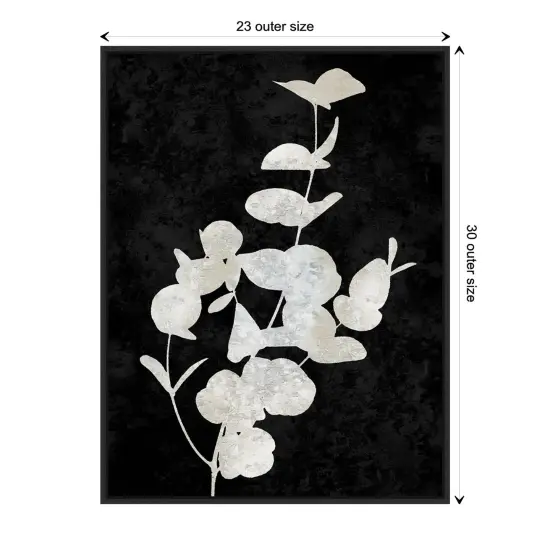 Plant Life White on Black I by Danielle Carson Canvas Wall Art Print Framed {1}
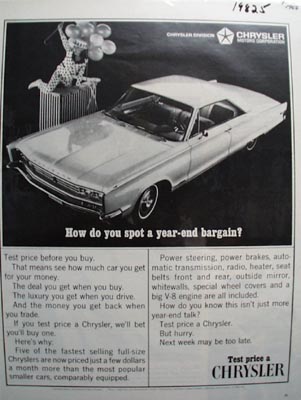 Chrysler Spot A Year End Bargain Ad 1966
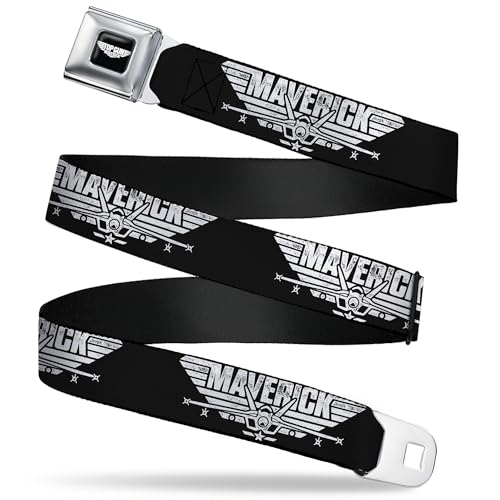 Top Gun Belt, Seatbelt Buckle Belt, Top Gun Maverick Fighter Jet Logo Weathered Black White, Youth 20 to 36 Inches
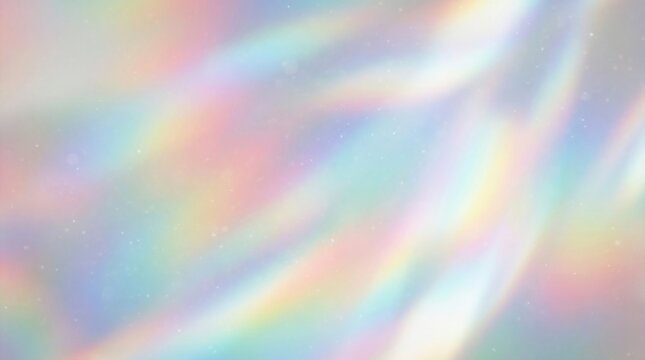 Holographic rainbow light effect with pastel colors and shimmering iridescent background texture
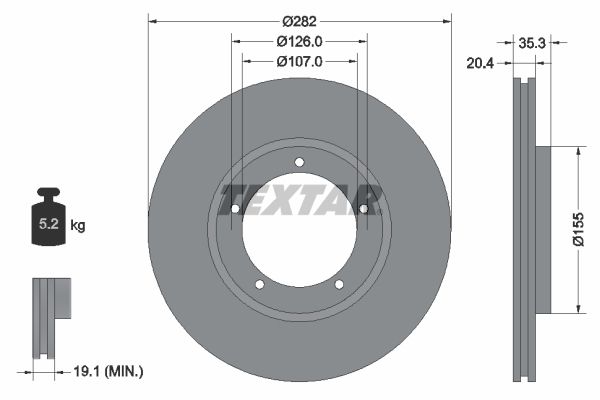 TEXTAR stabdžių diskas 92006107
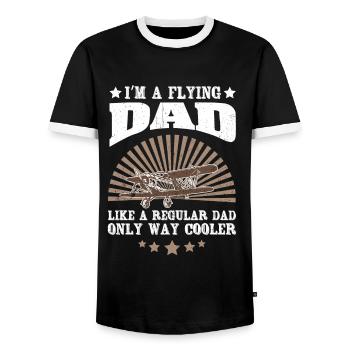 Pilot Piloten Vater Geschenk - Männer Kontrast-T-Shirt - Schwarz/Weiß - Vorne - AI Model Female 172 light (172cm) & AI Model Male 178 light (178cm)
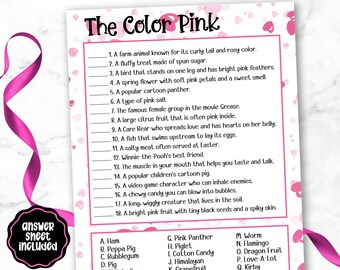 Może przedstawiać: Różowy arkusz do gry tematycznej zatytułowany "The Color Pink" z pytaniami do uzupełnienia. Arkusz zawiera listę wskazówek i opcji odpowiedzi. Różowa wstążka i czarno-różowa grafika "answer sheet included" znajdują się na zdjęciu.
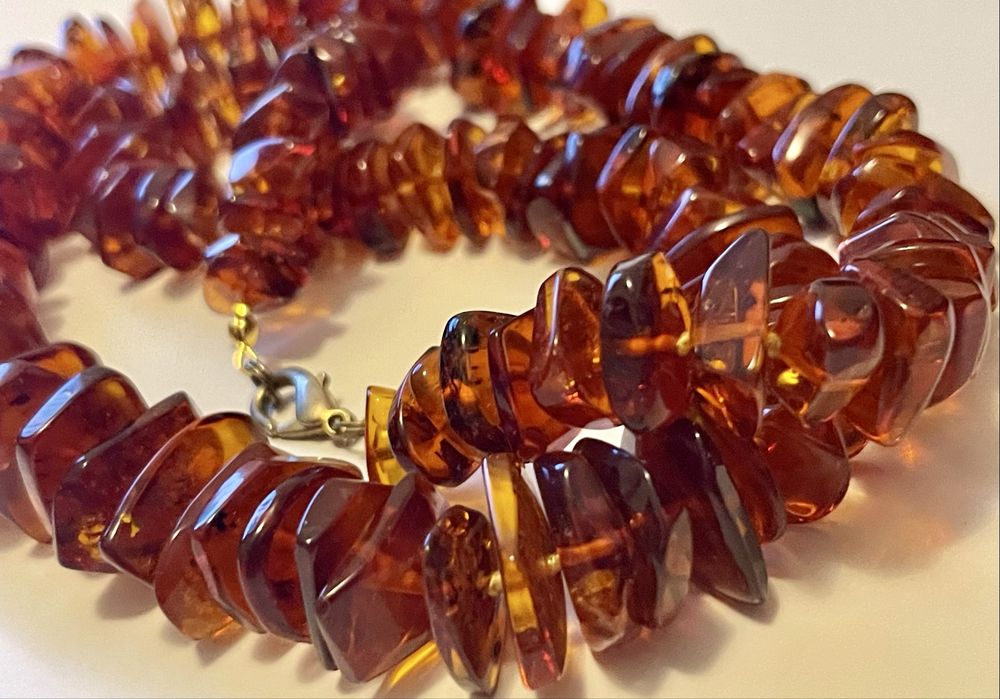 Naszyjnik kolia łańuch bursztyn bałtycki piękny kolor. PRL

• [WHAT YOU NEED TO DO]
Starting with the line that contains "Holographic rainbow light" and finishing with the line that contains "Może przedstawiać: Różowy", reproduce every line of the material above exactly, but not the pictures.

• [WORKED SOLUTION]
 Holographic rainbow light effect with pastel colors and shimmering iridescent background texture
 TEXTAR stabdžių diskas 92006107
 Pilot Piloten Vater Geschenk - Männer Kontrast-T-Shirt - Schwarz/Weiß - Vorne - AI Model Female 172 light (172cm) & AI Model Male 178 light (178cm)
 Może przedstawiać: Różowy arkusz do gry tematycznej zatytułowany "The Color Pink" z pytaniami do uzupełnienia. Arkusz zawiera listę wskazówek i opcji odpowiedzi. Różowa wstążka i czarno-różowa grafika "answer sheet included" znajdują się na zdjęciu.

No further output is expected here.